Ich fragte aber nach, ob man lieber eine Bürgerinformation bräuchte – die wir durch das neue Amtsblatt seit Beginn dieses Jahres ja eigentlich haben – oder ob man eher Touristen die Übersicht in Dippoldiswalde und die Information über interessante Ziele erleichtern will.
Das sollten jedoch zwei verschiedene Ziele sein, über die man sich vorab verständigen muss. Dieser Gedanke und auch weitere Vorschläge, grob nachzulesen in einem Artikel der StattZeitung von Mitte September, fanden allerdings keine Beachtung.
Oberbürgermeister Jens Peter schrieb im vorletzten Amtsblatt u.a. folgende Sätze:
Eine lebendige und wache, zum Engagement bereite Bürgerschaft, die sich selbstbewusst und kritisch in ihre eigenen Dinge einmischt und sie nicht selten selbst in die Hand nimmt, gehört zu den Schätzen, die unsere Stadt und ihre Ortsteile zu bieten haben. Genau betrachtet ist es eigentlich das größte Pfund, mit dem wir wuchern können. Für eine solche Bürgerschaft zu arbeiten ist vielleicht manchmal anstrengend, vor allem aber macht es Freude …
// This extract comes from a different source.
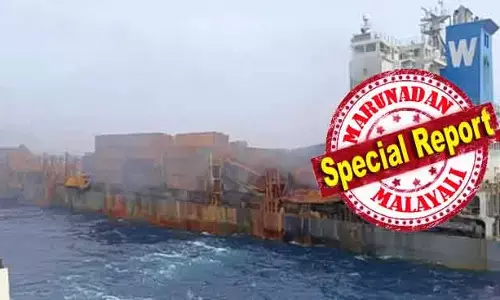 പുറംകടലില്‍ തീപിടിച്ച വാന്‍ഹായ് 503 കപ്പല്‍ ശ്രീലങ്കയ്ക്ക് പടിഞ്ഞാറെത്തി; ഇപ്പോഴുള്ളത് കന്യാകുമാരിക്ക് തെക്കുപടിഞ്ഞാറ് 150 നോട്ടിക്കല്‍ മൈല്‍ അകലെ; കപ്പലിന്റെ എന്‍ജിന്‍ മുറിയിലും അറകളിലും കൂടുതല്‍ വെള്ളം കയറുന്നത് ആശങ്ക; തീയും പുകയും തുടരുന്നു; കപ്പല്‍ മുങ്ങിയാല്‍ വലിയ പ്രതിസന്ധി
Diese Freude wird den Stadträten nunmehr entgehen. Außerdem wurden finanzielle Ressourcen und kreative Ideen verschenkt, die von Bürgern kostenlos angeboten wurden und die unsere Stadt dringend notwendig hat. In der Folge werden die Bürger wohl noch zurückhaltender mit ihrem Engagement für die Stadt werden.